This dish is a great entry into the world of meatless meals if you are simply trying to be okay with the idea of eating cauliflower where chicken and pork usually take the stage. Whatever the reason, I’m positive this baked sweet & sour cauliflower thing will fit in there somewhere.
HOW DO I SERVE SWEET & SOUR CAULIFLOWER?
I like to serve this dish over rice. Sweet & Sour over starchy & simple is kinda how we roll at this house. But there are other just as delicious ways to serve up this cauliflower recipe.
- Sure, you could use regular white rice, but what about brown rice or even cauliflower rice? (That one isn’t for those with sensitive stomachs, though!)
- Serve them alone, as an appetizer. Think of them like meatless wings with an Asian sauce.
- Serve this cauliflower over zucchini or yellow squash noodles.
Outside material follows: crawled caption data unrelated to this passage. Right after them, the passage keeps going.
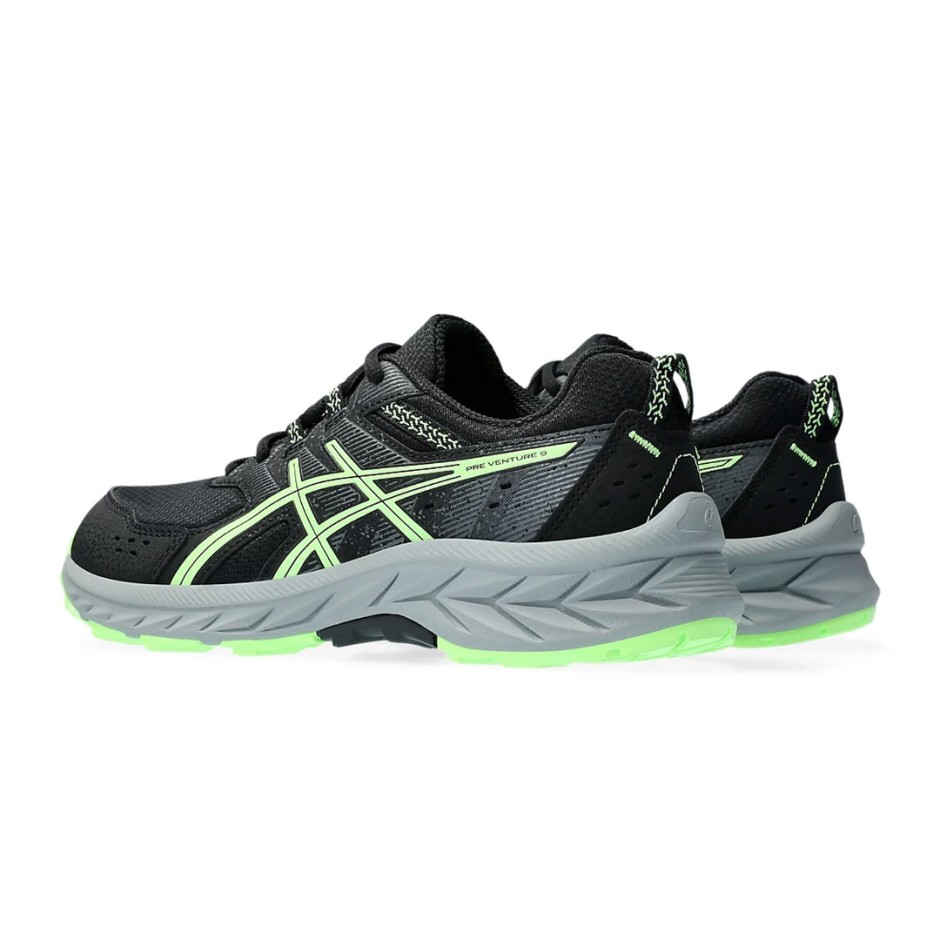 Παιδικά Παπούτσια Trail Running Μαύρα - ASICS PRE-VENTURE 9 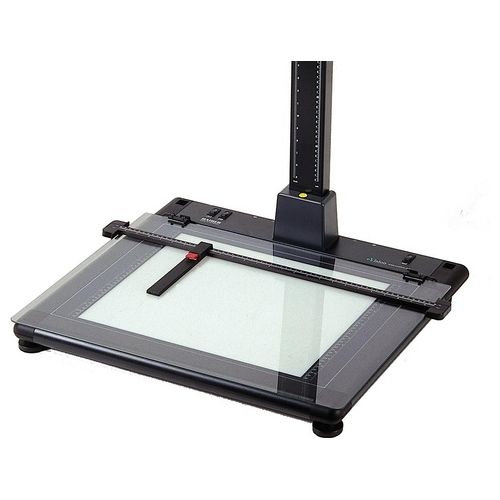 Kaiser Piastra di Base Illuminata per Copylizer Exe.Cutive Led
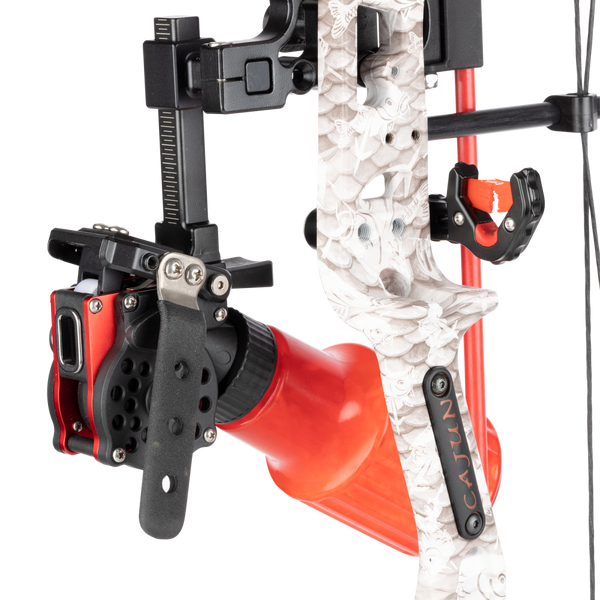 Features 65% let off with the draw length specific module and a 6-3/8” brace height, offering a smooth and easy shooting bow_6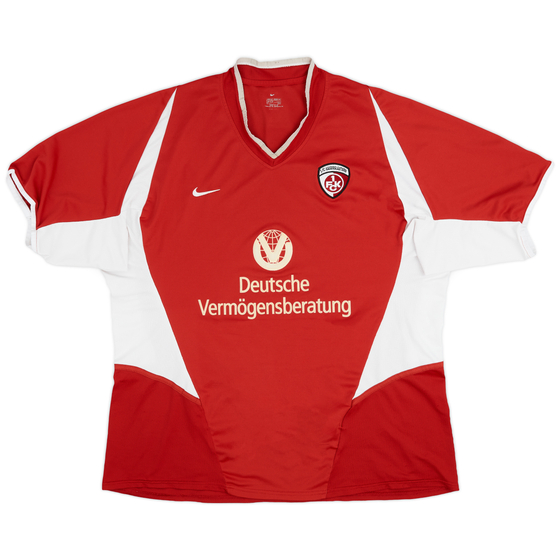 2002-03 Kaiserlsautern Home Shirt - 5/10 - (XL)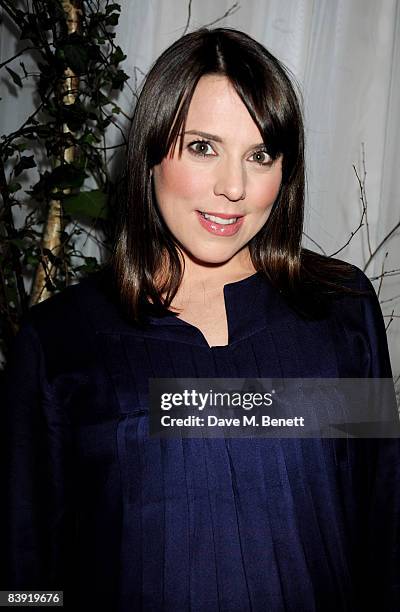 Singer Melanie Chisholm attends the VIP reception to launch the English National Ballet Christmas season ahead of the performance of 'The Sleeping...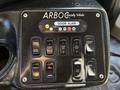 Control panel of a 2017 Chevrolet Express featuring buttons for door functions interior lights and heating controls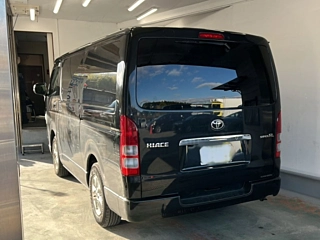 TOYOTA HIACE VAN 2008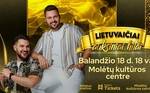  Grupės LIETUVAIČIAI koncertas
You could even try half a cooked spaghetti squash for a purely vegetarian dish.
- Make kebabs by alternating cauliflower with pineapple before or after baking.
- Add sweet & sour cauliflower over quinoa, barley, or wild rice for a truly nutty tasting, filling meal.
HOW DO YOU MAKE BAKED SWEET & SOUR CAULIFLOWER?
Although it might sound complicated, it’s not at all. If you can cut and bake chicken or pork with sauce, then you can do the same to a veggie!
Preheat the oven to 425 degrees, and grease a baking sheet. Combine the cut cauliflower and oil in a large air-tight bag. Make sure it’s sealed and give it a good shake to coat all the cauliflower thoroughly. Open the bag back up and add cornstarch. Seal the bag back up and shake some more to make sure the cornstarch now coats the cauliflower pieces.
Now that the cauliflower is coated in both oil and cornstarch, you can transfer it to the greased pan. Spread it out into one even layer and bake for 15-20 minutes or until it starts to brown on the bottoms. Change the oven over to broil and cook on high another 3-4 minutes under the broiler to get the tops to brown as well. Make sure to keep a close eye on it so it doesn’t burn.
While the cauliflower is cooking, you can make the sauce. Mix together sugar, vinegar, soy sauce, garlic powder, onion salt and ketchup in a medium saucepan at high heat and let it come to a boil while you stir.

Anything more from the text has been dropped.